* [WORK INSTRUCTIONS] What is needed is an exact repetition of the lines below, from the first one through the one holding "Hotdeals.com from Authority", with no pictures and nothing else.

* [INFORMATION GIVEN]
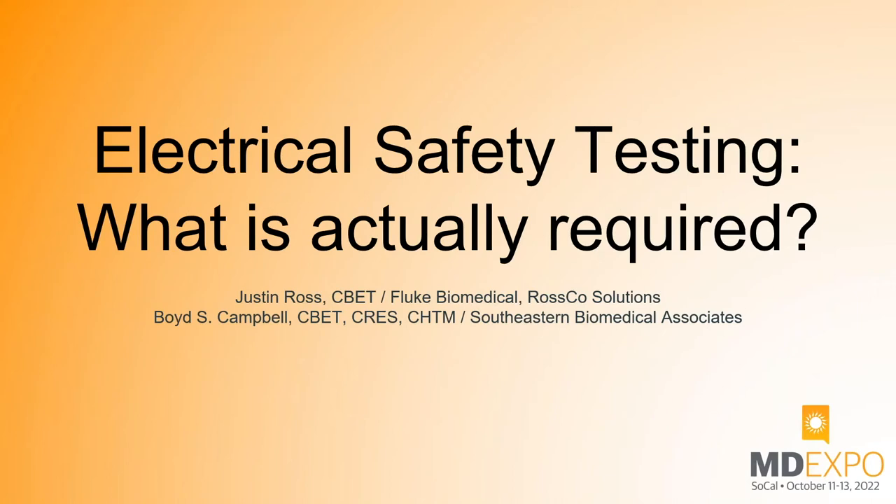Hello, I'm Justin Ross with Fluke Biomedical, and this is my cohort today, Boyd Campbell with Southeastern Biomedical Associates.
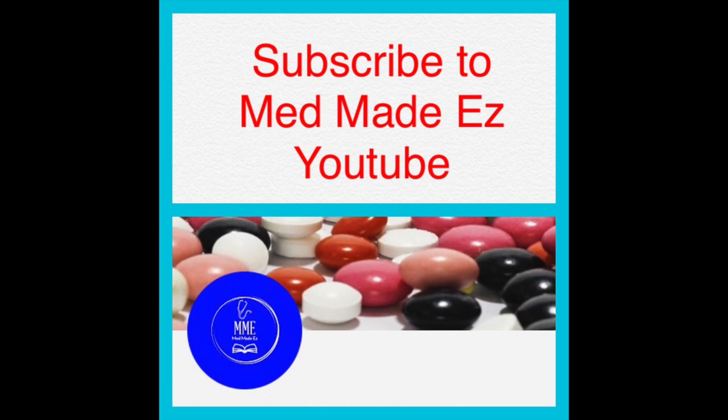Well everyone, thank you so much for watching. Please make sure to give this video a thumbs up — that lets us know you find this helpful and want us to make more videos like this. Also head on over to subscribe to our channel, hit the notification button, and stay tuned for more videos from Med Made Easy.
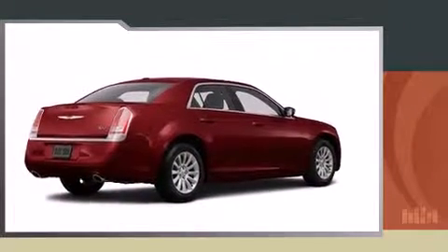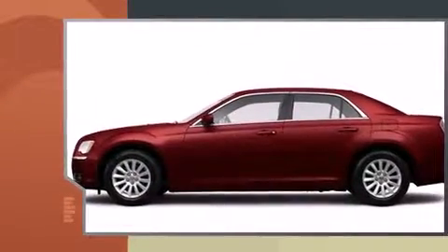Come test drive this 2014 Chrysler 300C. This four-door, five-passenger sedan offers the latest in technological innovation and style.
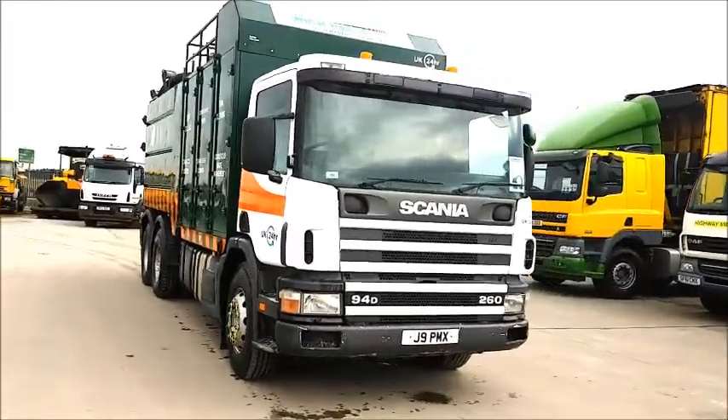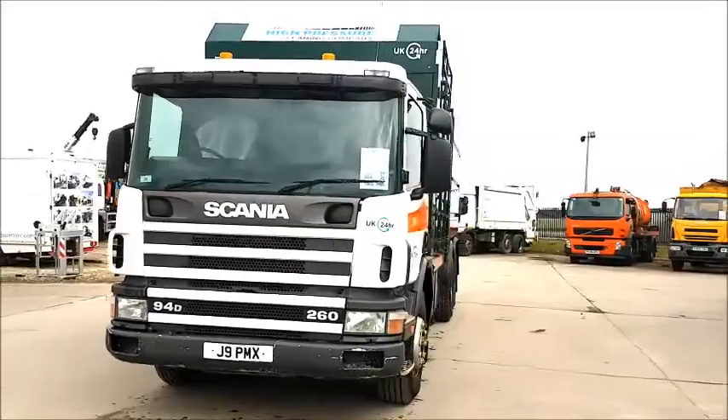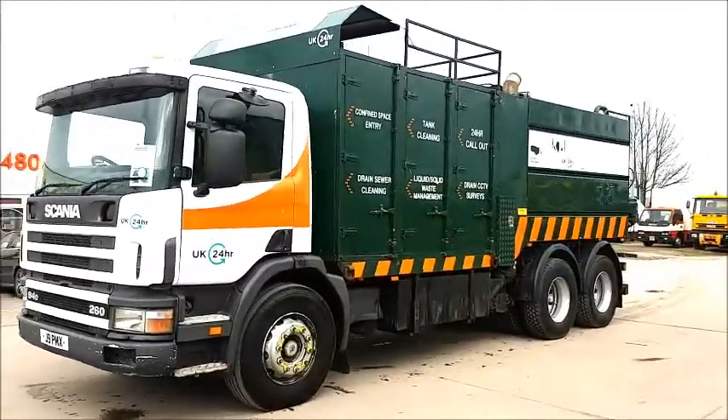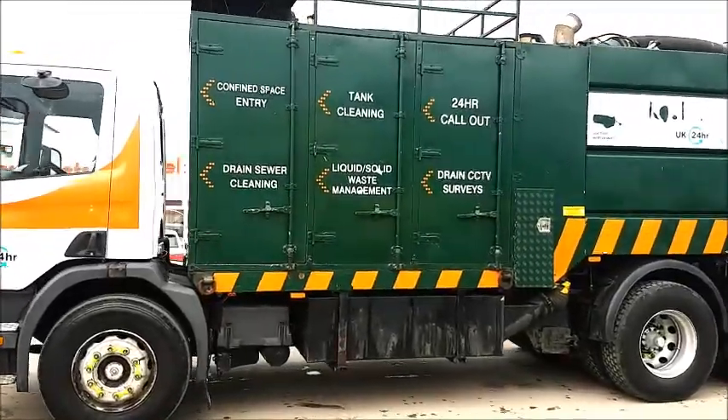Hotdeals.com from Authority Equipment Remarketing Specialists. Reference 22 is a 1999 Scania 94D260. It's a 6x4, 26-tonne truck.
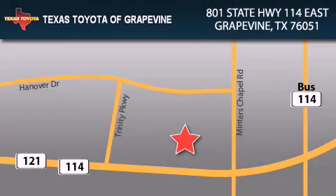Texas Toyota of Grapevine is located at 801 State Highway 114 East in Grapevine. Our goal is to exceed all of your expectations to ensure that you'll return for future visits.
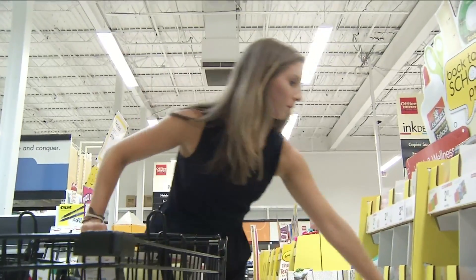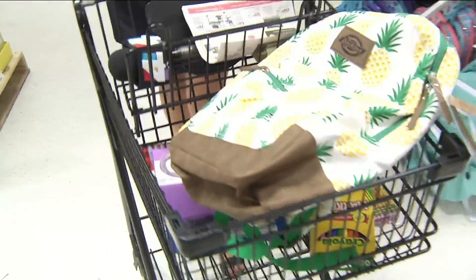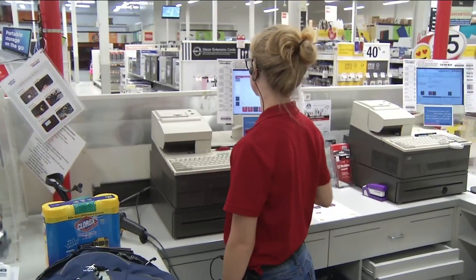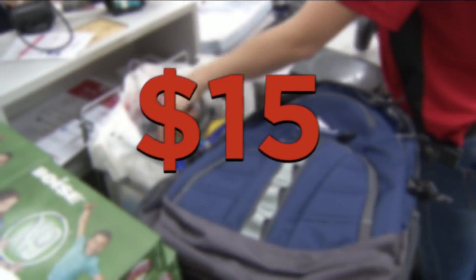To see how much we could save, we filled our cart with several back-to-school items, including pencils and pens, headphones, markers, paper, and a backpack. With tax, the total is about $221. But once you eliminate the sales tax, our new total is around $207, saving us almost $15.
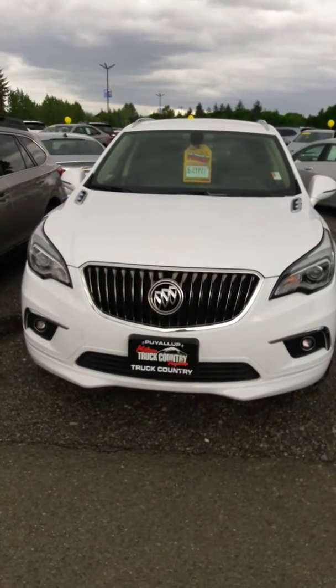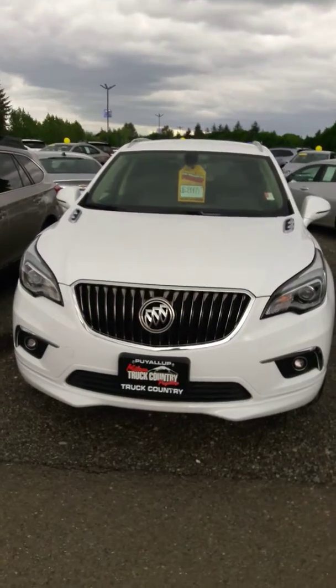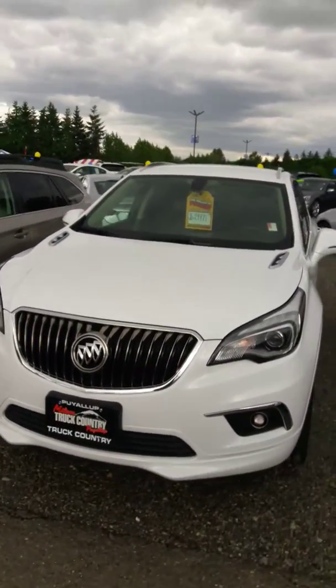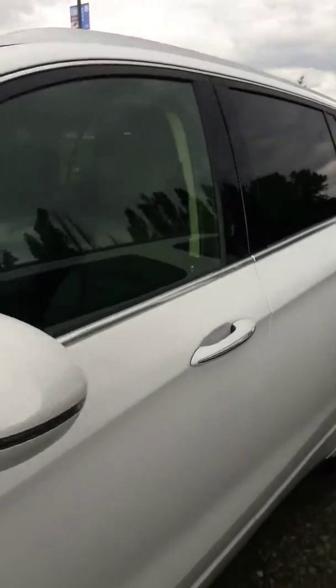Hello, Jim Dixon here at Milam Jeep and Truck Country. I'm going to do a personalized walk-around video for this 2017 Buick Envision you inquired about. First I'll get the outside and then I'll get the inside for you.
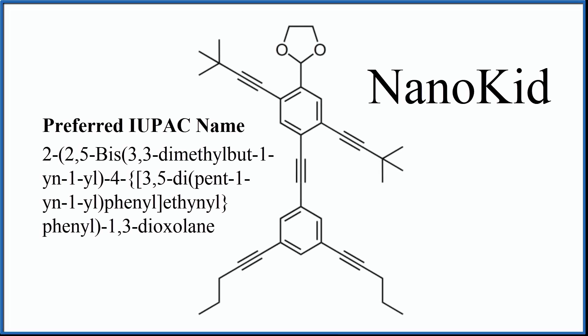There are other structures as well. This one is called nanokid — it was actually synthesized to look like a human being, kind of like my nephew, actually. This is an actual molecule.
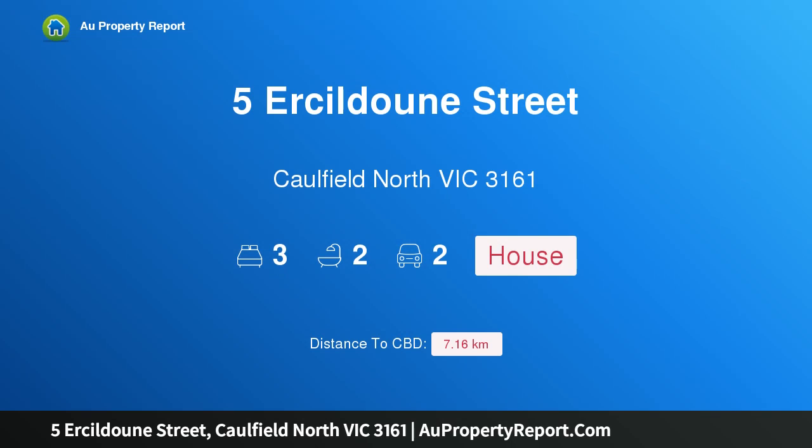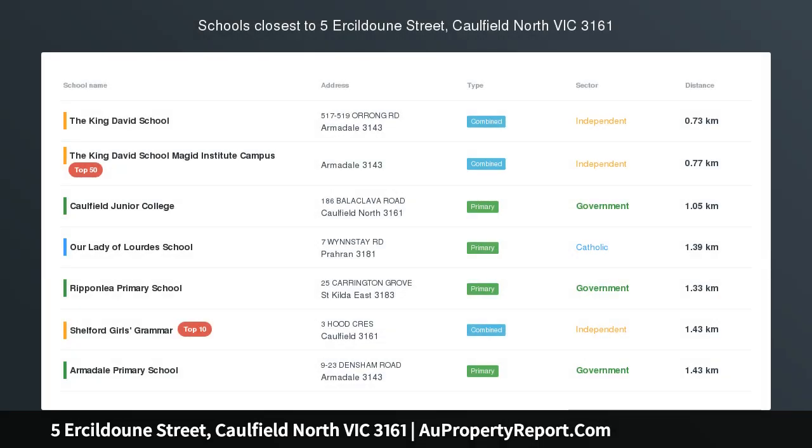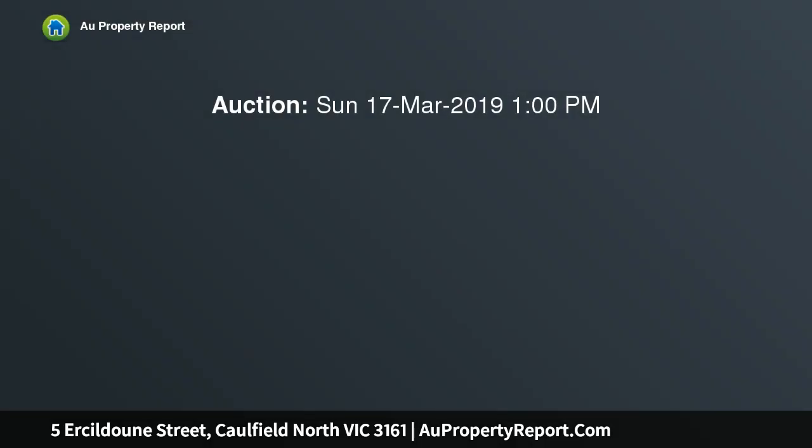Hi, I am glad to introduce Property 5 Osledoon Street, Caulfield North Victoria 3161 — a rarity in compact high-caliber class, the essence of low-maintenance luxury.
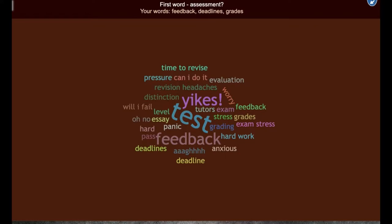So let's see what people said at home when we asked them: what is the first thing that comes to mind when you think of assessment? Let's see: yikes, test, feedback, time to revise, evaluation, stress, grades, hard work, hard, panic, essay, level, will I fail, deadlines — some not very nice words here — tutors, exams, feedback, distinctions, pressure, can I do it? What do you make of this, Klaus-Dieter?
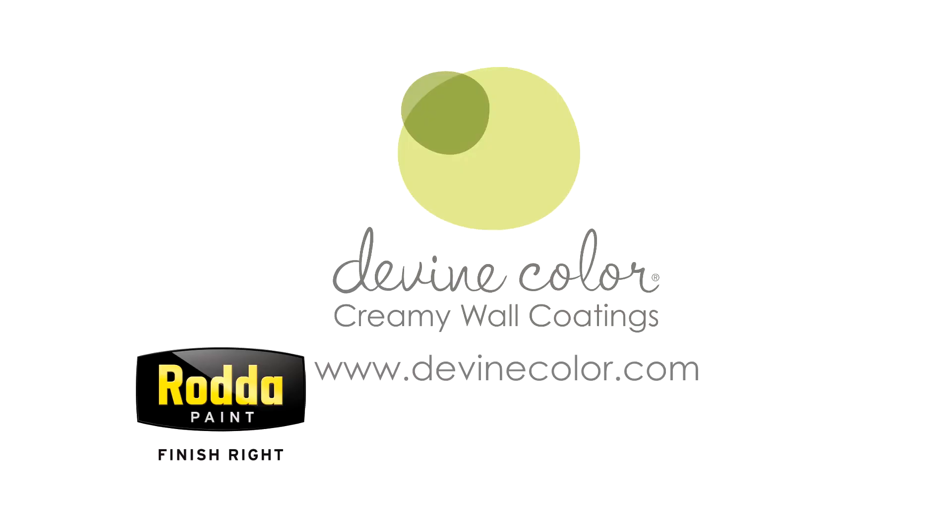The world's full of boy paint — Ben, Sherwin, Ralph — but there's only one girl paint and it's led by me, Gretchen. The idea that Divine Color gets to lead you in an experience that is truly from a different point of view is what makes my brand so different. Divine Color is now available through Radha Paint in Oregon and Washington, and nationally online at DivineColor.com.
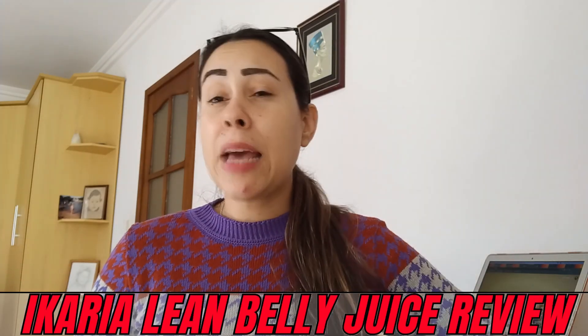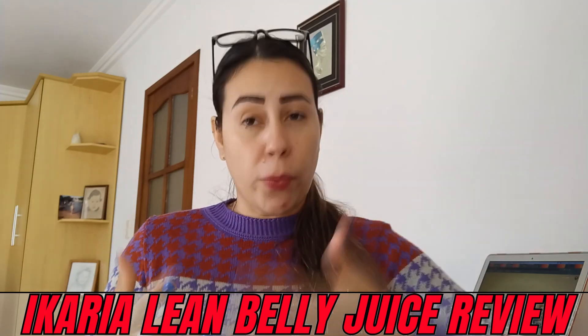What's up, folks? Welcome to this video review. My name is Aline and today I'm here to talk to you about healthy weight loss.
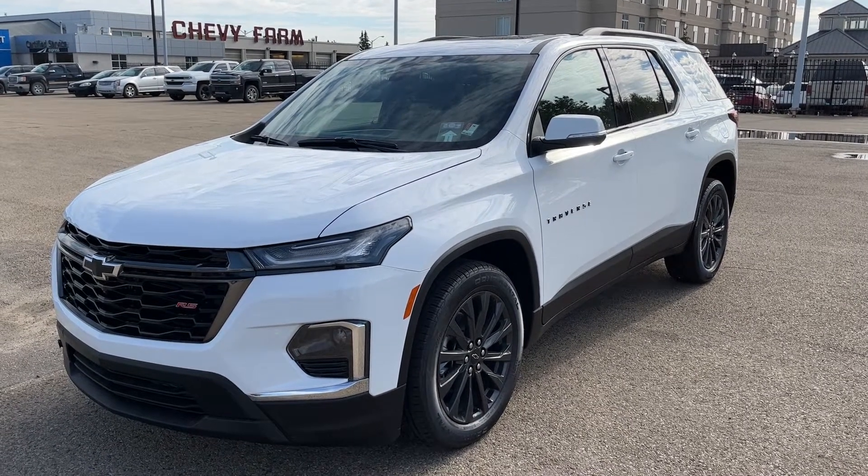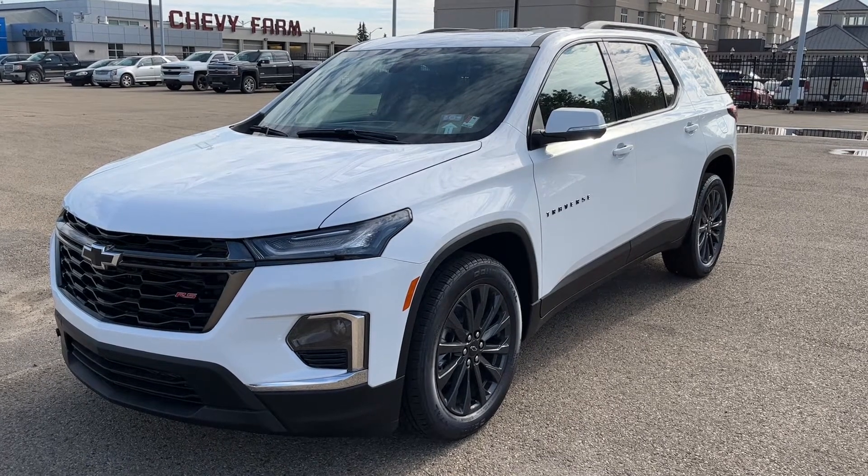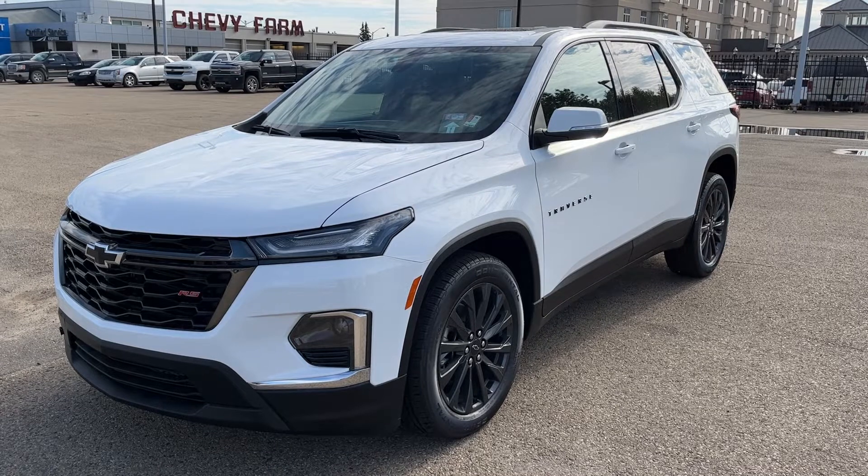Welcome to Wolf Chevrolet. Today we're taking a closer look at some of the interior and exterior features in our 2023 Chevrolet Traverse. This Traverse is featured in the RS trim and is a white paint finish.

* [OUTPUT]
Hello, I'm Justin Ross with Fluke Biomedical, and this is my cohort today, Boyd Campbell with Southeastern Biomedical Associates.
Well everyone, thank you so much for watching. Please make sure to give this video a thumbs up — that lets us know you find this helpful and want us to make more videos like this. Also head on over to subscribe to our channel, hit the notification button, and stay tuned for more videos from Med Made Easy.
Come test drive this 2014 Chrysler 300C. This four-door, five-passenger sedan offers the latest in technological innovation and style.
Hotdeals.com from Authority Equipment Remarketing Specialists. Reference 22 is a 1999 Scania 94D260. It's a 6x4, 26-tonne truck.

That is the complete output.